Let’s get into some examples using the functions listed above. First, we need to load the waterdata module and a few other packages and functions to go through the examples. To run the entirety of this notebook, you will need to install dataretrieval, matplotlib, and geopandas packages (plus dependencies). matplotlib is needed to create the plots, and geopandas is needed to create the interactive maps.

Note that if you use conda rather than pip, you do not need to install folium and mapclassify separately, as they are included in the conda-forge geopandas install.
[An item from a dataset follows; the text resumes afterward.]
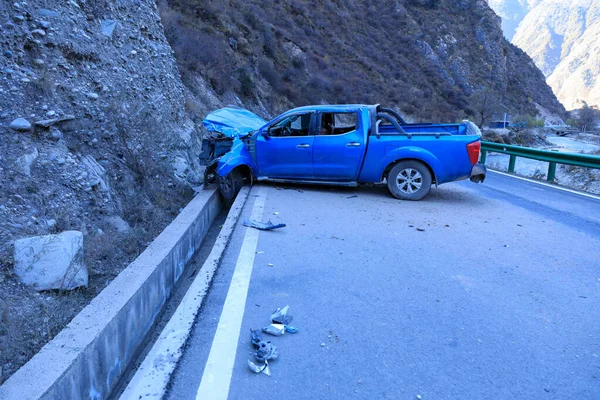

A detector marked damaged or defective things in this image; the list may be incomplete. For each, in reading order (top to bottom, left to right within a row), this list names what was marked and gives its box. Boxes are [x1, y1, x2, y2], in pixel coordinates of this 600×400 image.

crushed front hood [203, 106, 266, 138]
damaged bumper [468, 162, 488, 183]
!pip install dataretrieval
!pip install matplotlib
!pip install geopandas
!pip install folium
!pip install mapclassify
[1]:
import pandas as pd
import matplotlib.pyplot as plt
import matplotlib.dates as mdates
import matplotlib.ticker as mtick
from IPython.display import display
from datetime import datetime, timedelta
from datetime import date
from dateutil.relativedelta import relativedelta
from dataretrieval import waterdata
[2]:
pcodes,metadata = waterdata.get_reference_table("parameter-codes")
display(pcodes.head())
parameter_code parameter_name unit_of_measure parameter_group_code parameter_description medium statistical_basis time_basis weight_basis particle_size_basis sample_fraction temperature_basis epa_equivalence
0 00001 Xsec loc, US from rb ft INF Location in cross section, distance from right... None None None None None None None Agree
1 00002 Xsec loc, US from rb % INF Location in cross section, distance from right... None None None None None None None Agree
2 00003 Sampling depth ft INF Sampling depth, feet None None None None None None None Agree
3 00004 Stream width ft PHY Stream width, feet None None None None None None None Agree
4 00005 Loctn in X-sec,depth % INF Location in cross section, fraction of total d... None None None None None Total None Agree

Let’s say we want to find all parameter codes relating to streamflow discharge. We can use some string matching to find applicable codes.

[3]:
streamflow_pcodes = pcodes[pcodes['parameter_name'].str.contains('streamflow|discharge', case=False, na=False)]
display(streamflow_pcodes[['parameter_code', 'parameter_name']])
parameter_code parameter_name
42 00060 Discharge
43 00061 Discharge, instant.
479 01351 Streamflow, severity
769 04122 Bedload discharge, daily mean
1701 30208 Discharge
1702 30209 Instantaneous Discharge
3704 50042 Discharge
8838 62856 Discharge, storm event peak
13745 70227 Direction,StreamFlow
13952 72122 Discharge, storm event median
13953 72123 Discharge, storm event mean
13967 72137 Discharge,tide fltrd
13968 72138 Discharge,tide fltrd
13969 72139 Discharge,tide fltrd
14006 72177 Discharge, GW
14070 72243 Discharge
14085 72258 Discharge factor
14099 72272 Discharge, cumul
14260 72433 Discharge, cumulative
14261 72434 Discharge, cumulative
14296 74082 Streamflow, daily
14643 81380 Discharge velocity
14644 81381 Discharge duration
14686 81799 Discharge, sample mean
18706 99060 Discharge
18707 99061 Discharge, instantaneous

Interesting that there are so many different streamflow-related parameter codes! Going on experience, let’s use the most common one, 00060, which is “Discharge, cubic feet per second”.

Timeseries metadata

Now that we know which parameter code we want to use, let’s find all the stream monitoring locations that have recent discharge data and at least 10 years of daily values in the state of Nebraska. We will use the waterdata.get_time_series_metadata() function to suss out which sites fit the bill. This function will return a row for each timeseries that matches our inputs. It doesn’t contain the daily discharge values themselves, just information about that timeseries.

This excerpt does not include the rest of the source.